• _Task details_
Look below for the line that contains "thập đại hồng côn chapter 17 6", then copy it and each following line to the end of the records, minus any pictures.
......
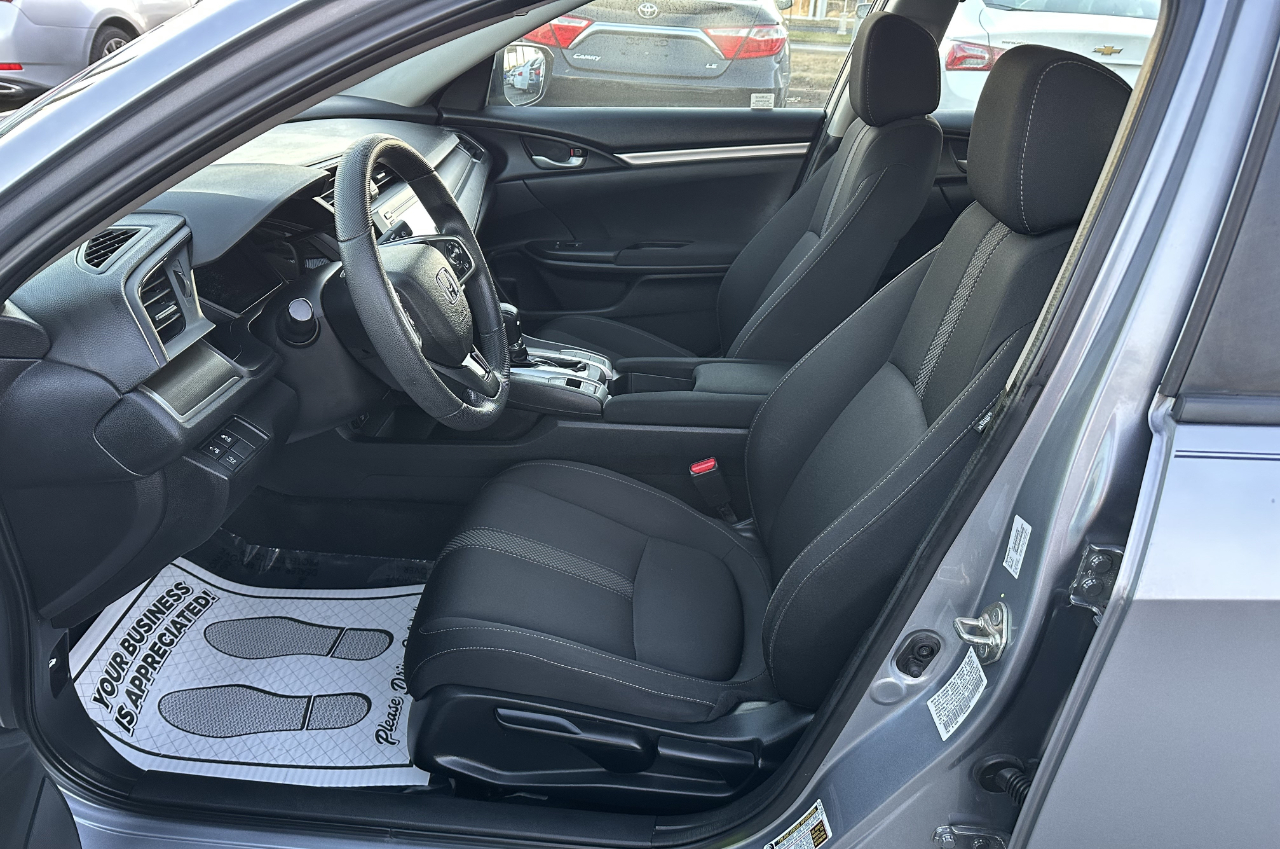 Honda Civic LX Honda Sensing Sedan CVT 2019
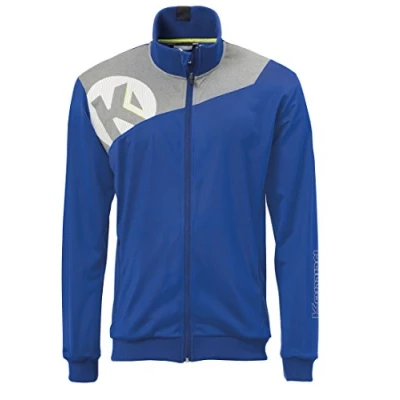 Imagen de Kempa Core 2.0 Poly Chaqueta, Hombre, Azul Royal/Gris Oscuro, S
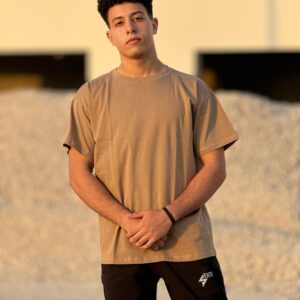 oversize T-shirt oversize – Khaki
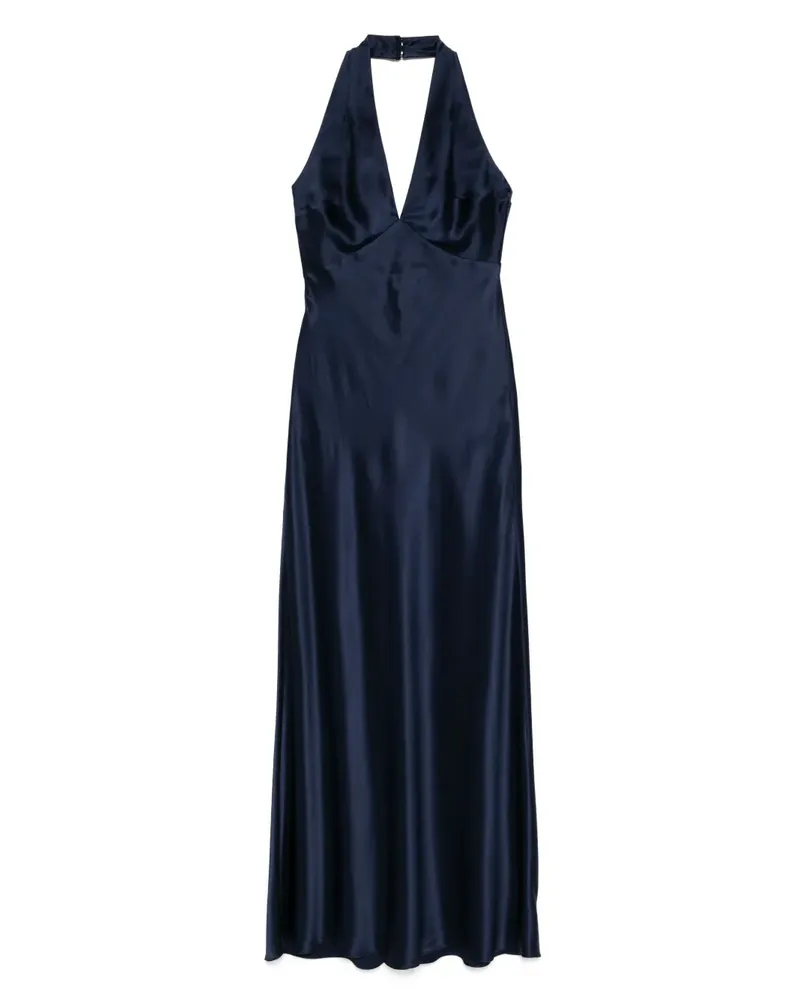 Reformation Daniela Kleid - Blau Blau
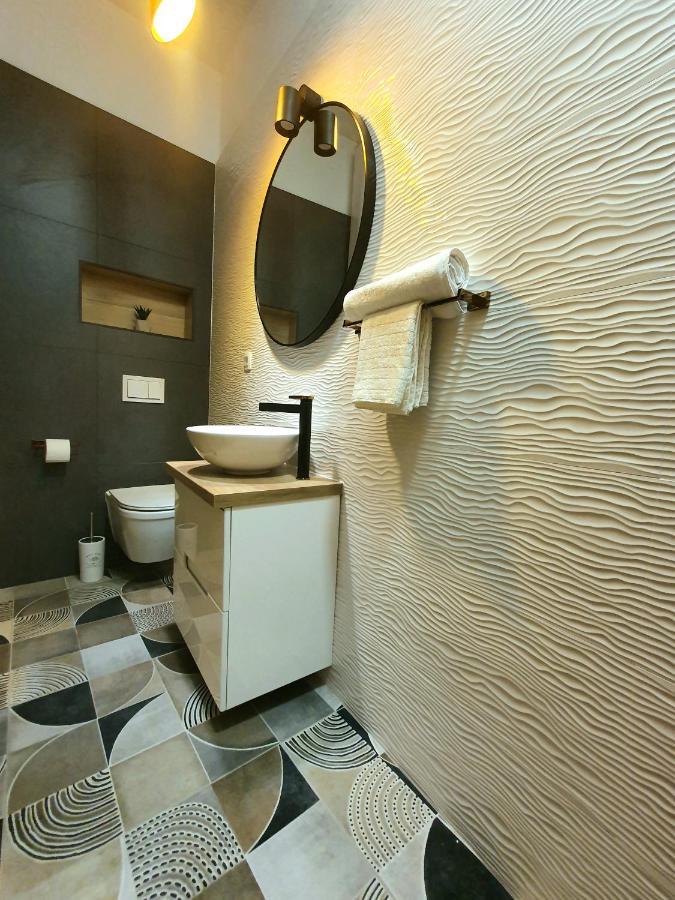 Cozy Studio Apartment Leprin In Labin Old Town Exterior photo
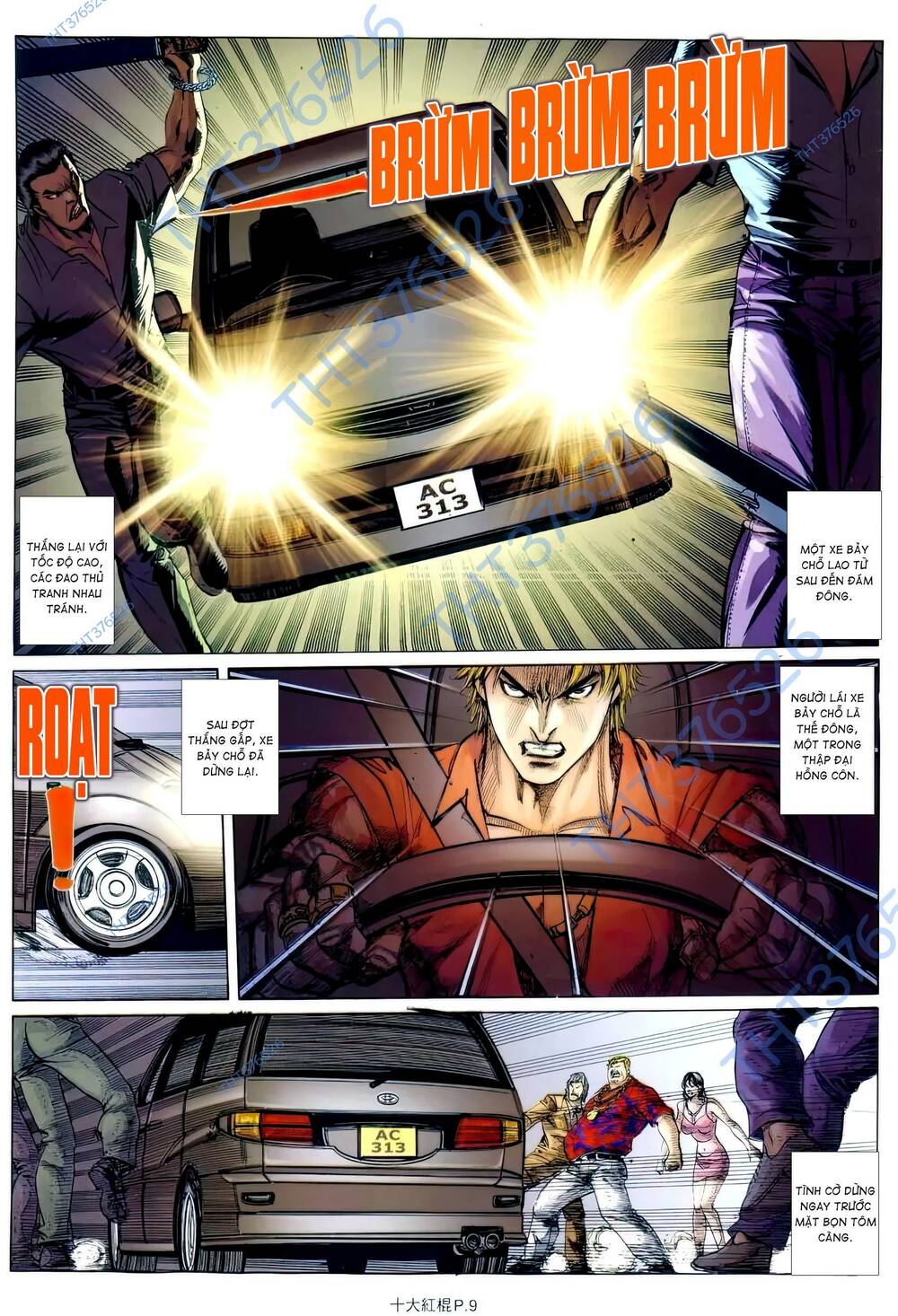 thập đại hồng côn chapter 17 6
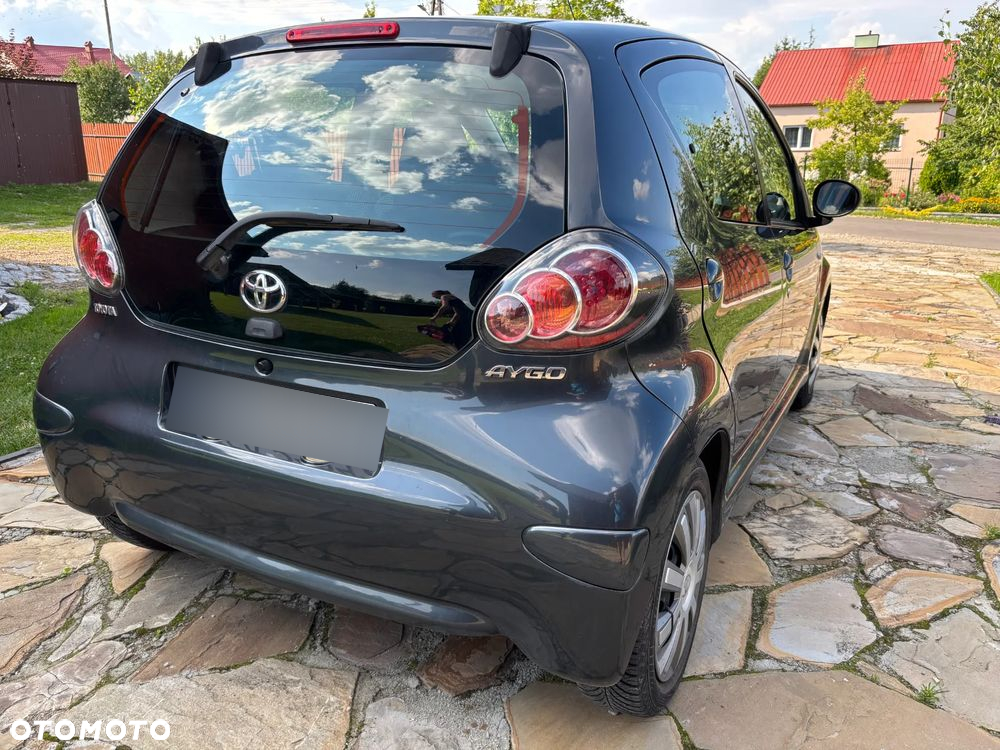 Toyota Aygo 1.0 VVT-i Terra A/C - 4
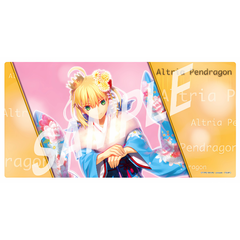 劇場版 Fate/stay night Heaven's Feel プレイマット セイバー 着物Ver. カドカワ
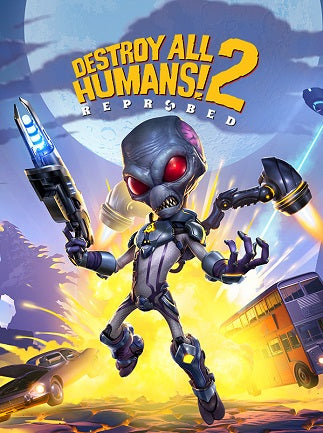 Destroy All Humans! 2 - Reprobed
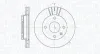Bremsscheibe Vorderachse MAGNETI MARELLI 361302040226
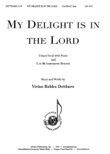 My Delight Is In The Lord - Unis Chr-pno
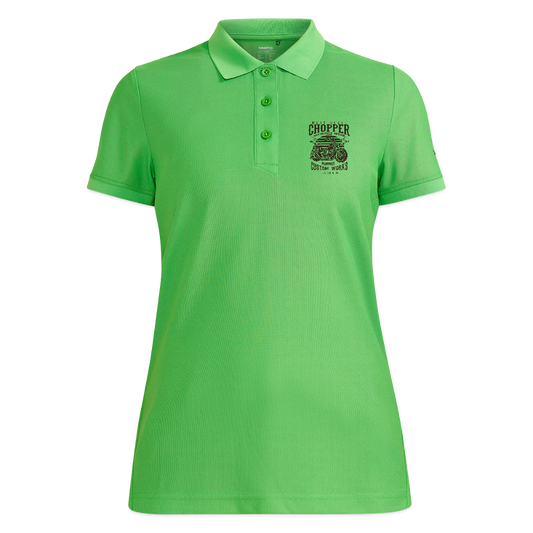 CRAFT Core Unify damespolo - groen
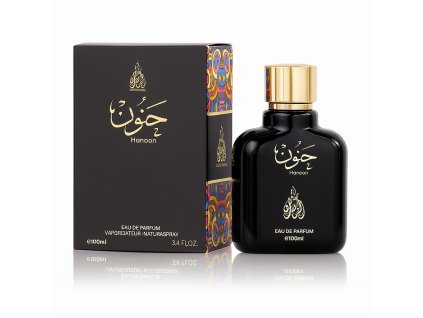 aalam al zaafran hanoon edp box bottle orientalniparfem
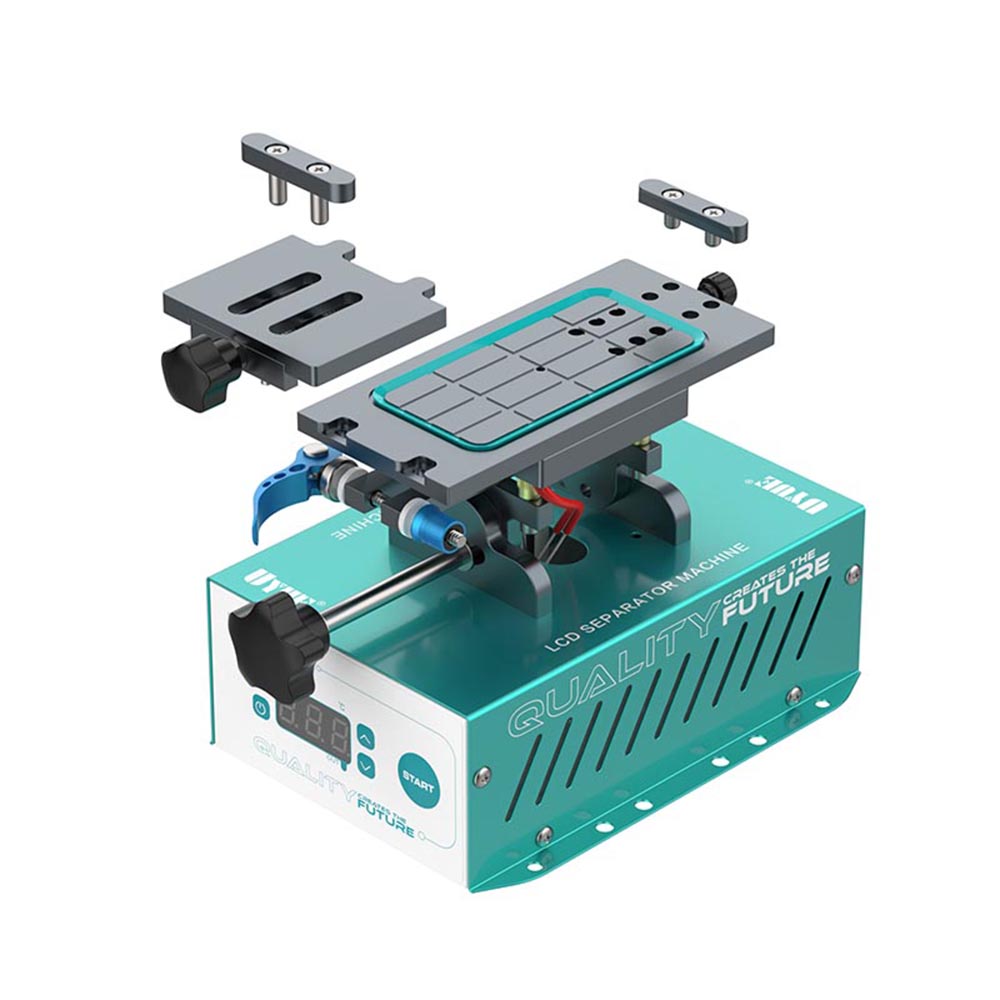 아이폰용 UYUE 958S-3 3 3in 1 회전식 L - Screen Separator Machine 리뷰 및 가격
......
• _Finished exercise_
 thập đại hồng côn chapter 17 6
 Toyota Aygo 1.0 VVT-i Terra A/C - 4
 劇場版 Fate/stay night Heaven's Feel プレイマット セイバー 着物Ver. カドカワ
 Destroy All Humans! 2 - Reprobed
Bremsscheibe Vorderachse MAGNETI MARELLI 361302040226
 My Delight Is In The Lord - Unis Chr-pno
 CRAFT Core Unify damespolo - groen
 aalam al zaafran hanoon edp box bottle orientalniparfem
 아이폰용 UYUE 958S-3 3 3in 1 회전식 L - Screen Separator Machine 리뷰 및 가격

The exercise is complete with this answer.